Race Weekend Central

Fencing Someone Has Become a New Normal & Drivers Are Not Having It

Denny Hamlin scored his 50th NASCAR Cup Series win at Pocono Raceway on Sunday (July 23), and he was greeted by a showering of boos at the start/finish line.

Why? The controversial decision to end the race under caution was perhaps one of the reasons, but it also had to do with moving up the track and putting Kyle Larson in the turn 1 wall while battling for the top spot with seven laps to go.

Hamlin was adamant in his victory lane interview that he did not touch the No. 5 car, but just about every replay has proved otherwise.

See also
2-Headed Monster: Denny Hamlin vs. Kyle Larson, Who Was Right?

The Pocono finish marked yet another instance of a driver moving up from their line and forcing the car on the outside to either lift or hit the fence; this time, the move has drawn criticism from people in the NASCAR industry.

While there isn’t a proper name for this type of move at the moment, it’s drawn the ire of fellow drivers, and in extreme circumstances, retaliation.

In 2023 alone, we’ve had Ryan Preece extract payback on Larson after he put Preece in the wall out of turn 4 in the dirt race at Bristol Motor Speedway. Then, we had Noah Gragson confront and get punched by Ross Chastain post-race for pulling the move in turn 4 at Kansas Speedway. In the Coca-Cola 600 at Charlotte Motor Speedway, Chase Elliott right-reared Hamlin on the straightaway after he was walled out of turn 4. And now, this.

That’s not even including incidents from last year or races this year that didn’t feature immediate retaliation. At Phoenix Raceway in March, Hamlin intentionally walled Chastain on the final restart to even a score from the year prior. At Darlington Raceway in May, Chastain and Larson walled each other on consecutive restarts until Chastain drifted up and knocked both of them out of contention.

Last year, Joey Logano bumped William Byron into the fence at Darlington for squeezing him into the wall on the final restart. Hamlin drifted up and put Chastain in the wall at Pocono last year as payback for incidents at World Wide Technology Raceway at Gateway and Atlanta Motor Speedway.

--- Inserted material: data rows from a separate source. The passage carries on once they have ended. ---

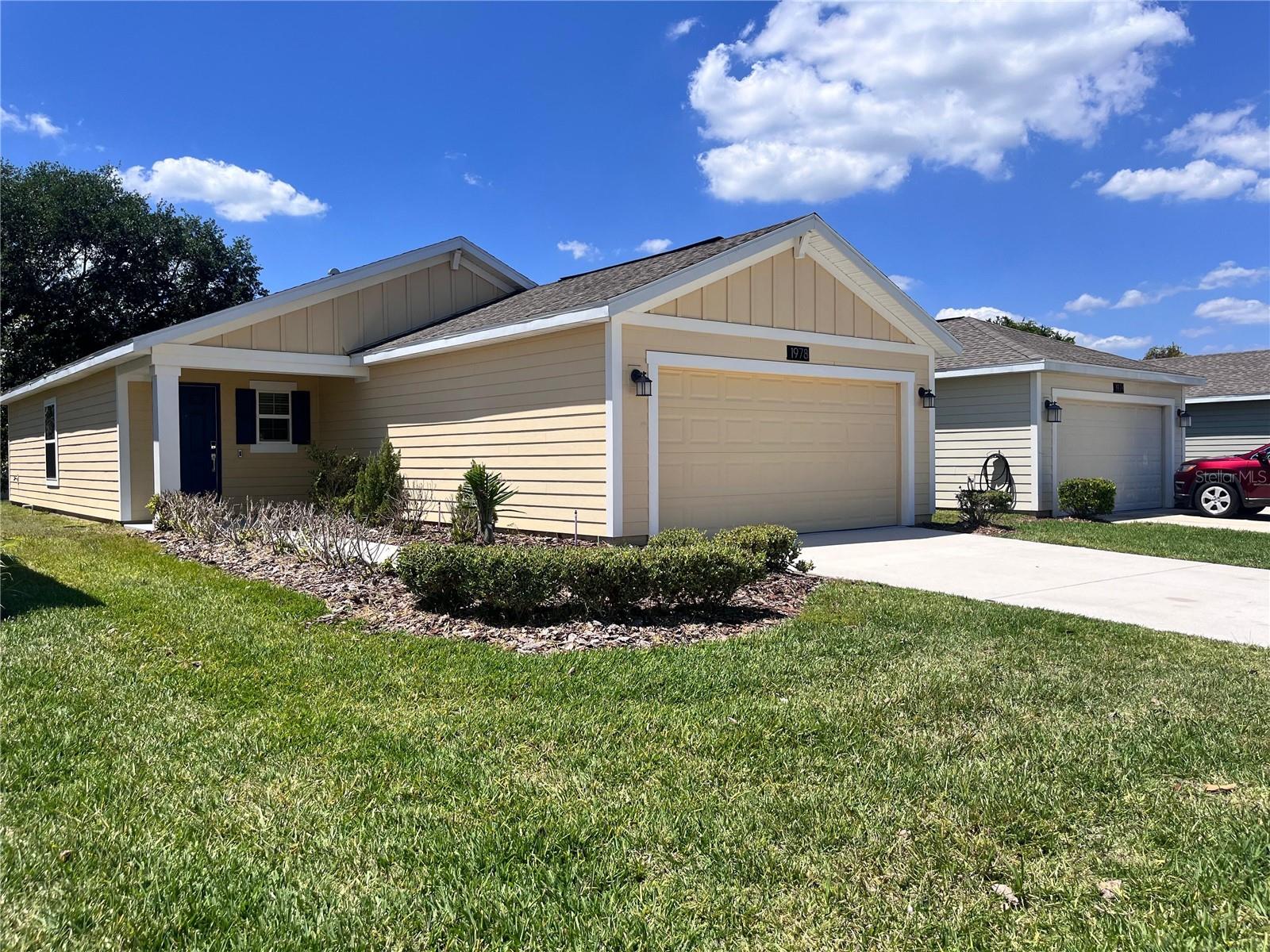 1978 ANCESTRY TRL, KISSIMMEE, FL, 34746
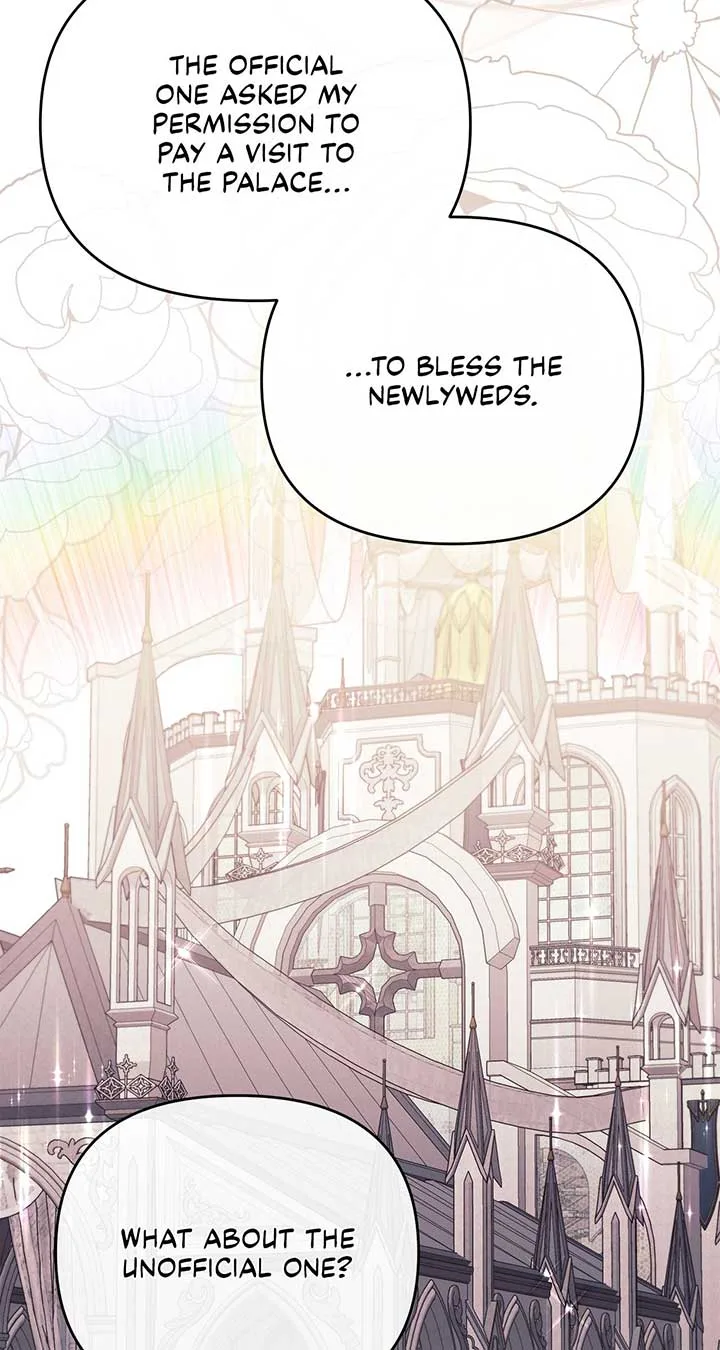 No, I Only Charmed the Princess! Chapter 33 page 29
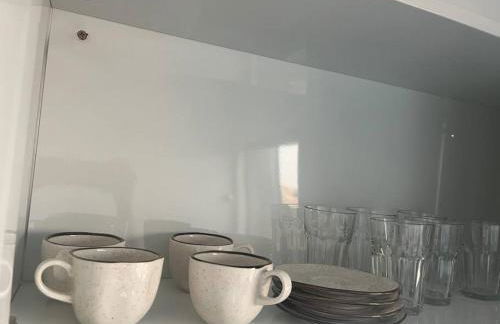 Apartamento no Centro - Photo 14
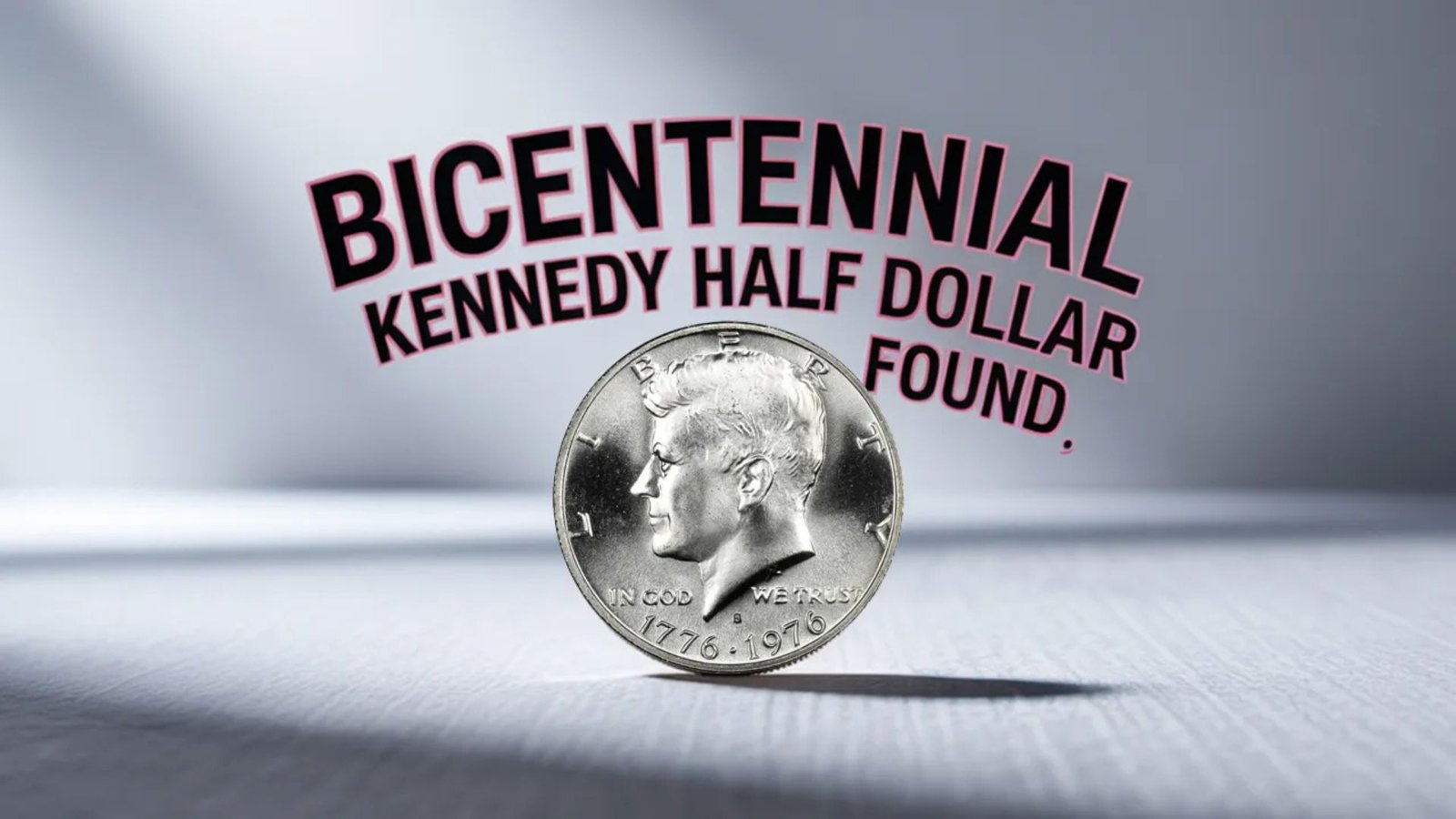 Why Bicentennial Kennedy Half Dollars Remain Timeless Treasures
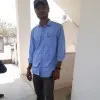 Sreenivasulu
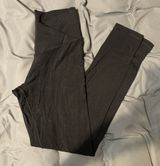 Aerie Crossover Leggings! Photo 0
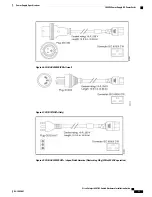 Предварительный просмотр 81 страницы Cisco Catalyst 6807-XL Hardware Installation Manual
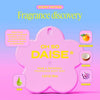 Daise Pear Patchouli Body Mist 100ml - British product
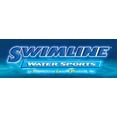 thumbnail image 3 of Swimline ACC22 2 x 2 Foot Corner Water Tube Winterizing Pool Cover Weight, Blue, 3 of 5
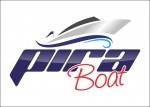 PiraBoat Náutica Lanchas Barcos Jet Ski Quadriciclo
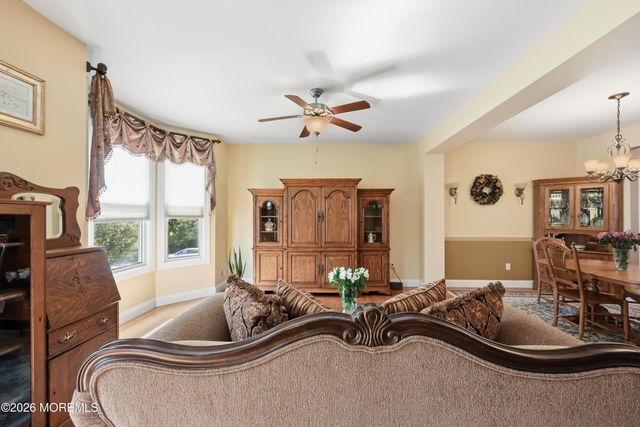 794 Port Monmouth Road, Port Monmouth, NJ 07758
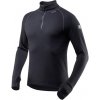 Devold EXPEDITION MAN ZIP NECK Devold EXPEDITION MAN ZIP NECK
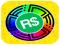 Free Robux Games Roblox Spin Wheel — free online game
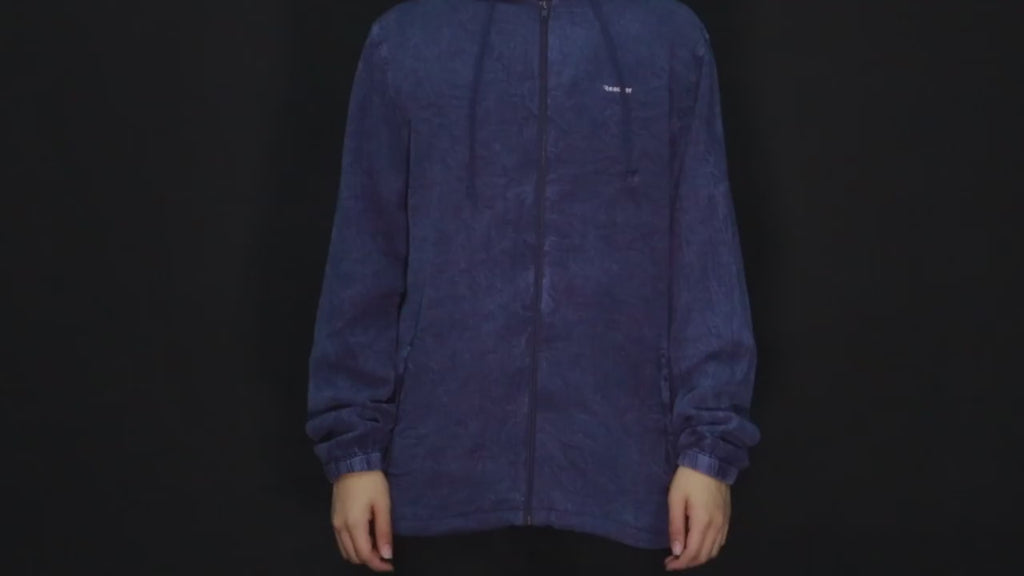 Reacher® Hoodie Sao Paulo | Comfortable, Elegant & Soft feel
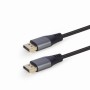 Gembird CC-DP8K-6 DisplayPort cable, 8K premium series, 1.8 m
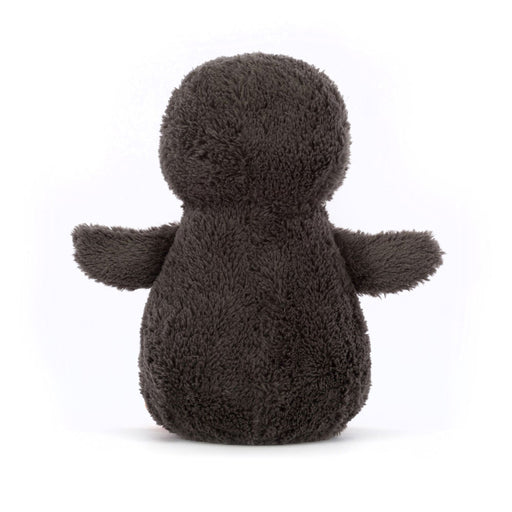 Jellycat Peanut Penguin Small (LIMIT ONE PER CUSTOMER)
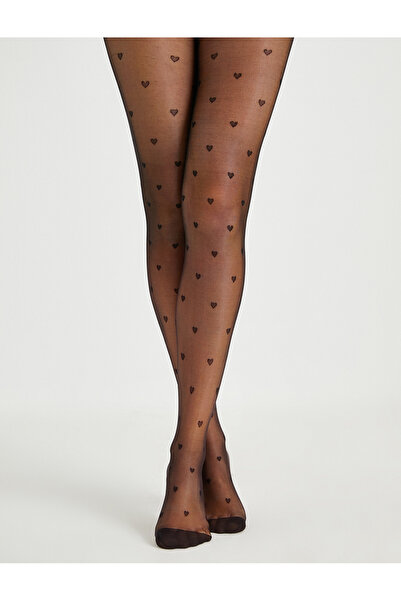 Koton Chiloți cu model 15 Den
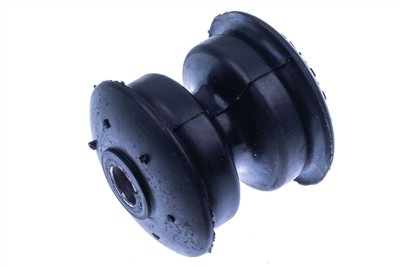 DENCKERMANN D300291 EAN: 5902841616271.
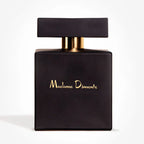 Santieb's Perfume Madame Dimente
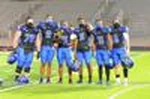 nfhs-10.jpg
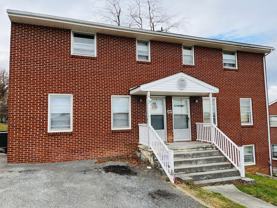 555 Quesenberry St #5 - Photo 1 of 1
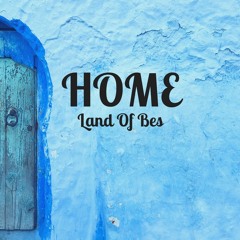 HOME,  R ∆ ∆ F ∆ T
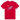 9ffdfb34-6c58-4c69-b1f9-b531e64adb5b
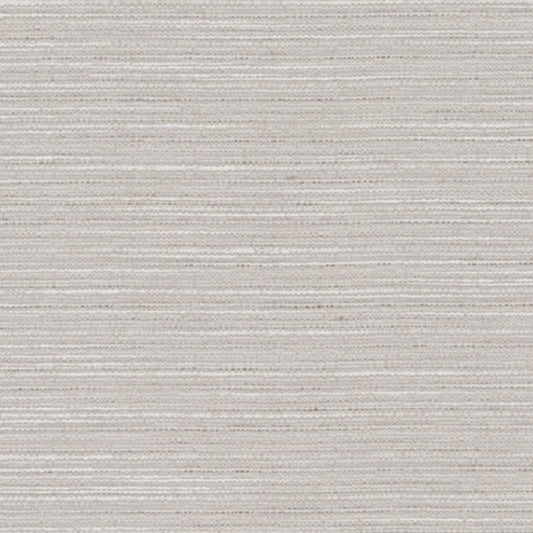 Duralee Dd61835 | 562-Platinum  Multipurpose     - 517693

Bubba Wallace right-reared Larson at Las Vegas Motor Speedway for moving him into the fence. At Texas Motor Speedway in September, Hamlin pulled the move on Byron, and Byron responded by spinning him out under caution.

Perhaps it’s recency bias talking, but I can’t remember a time in the Gen 6 era when this move was as commonplace as it is with the Next Gen car.

And with that, the question still stands: Why has this move proliferated since the car switch in 2022?

See also
Dropping the Hammer: Intermediates, the New Short Track

A constant between the Gen 6 and Next Gen – and really any car in the last 30 years – is dirty air.

As Landon Cassill explains, if a driver is unable to complete a pass on the inside in a timely manner, they drift backward in a hurry. And at tracks where it’s hard to pass the leader like Pocono, forcing the issue or ceding the position is often the difference between winning and losing.

Drivers are looking – often in desperation – to complete passes, and both a benefit and drawback of the Next Gen car is that it’s built like a tank.

With the Gen 6 car, contact while running side-by-side had a huge risk of cutting down a tire for either party. And for the car that got put in the fence, the resulting damage was a race-ender more often than not.

The Next Gen car allows the car to absorb more hits in these types of situations, but the car isn’t 100% invincible to this type of contact. Preece’s car was crippled after being stuffed into the wall at Bristol dirt, and Larson’s car was a parachute on the final restart at Pocono after the contact with Hamlin and the wall.

Whether or not the car gets damaged, however, the victims of these moves have almost always retaliated – sometimes in ways that cross a line. NASCAR is a self-policing sport, but a driver should never right-rear someone on the straightaway of a high-speed track.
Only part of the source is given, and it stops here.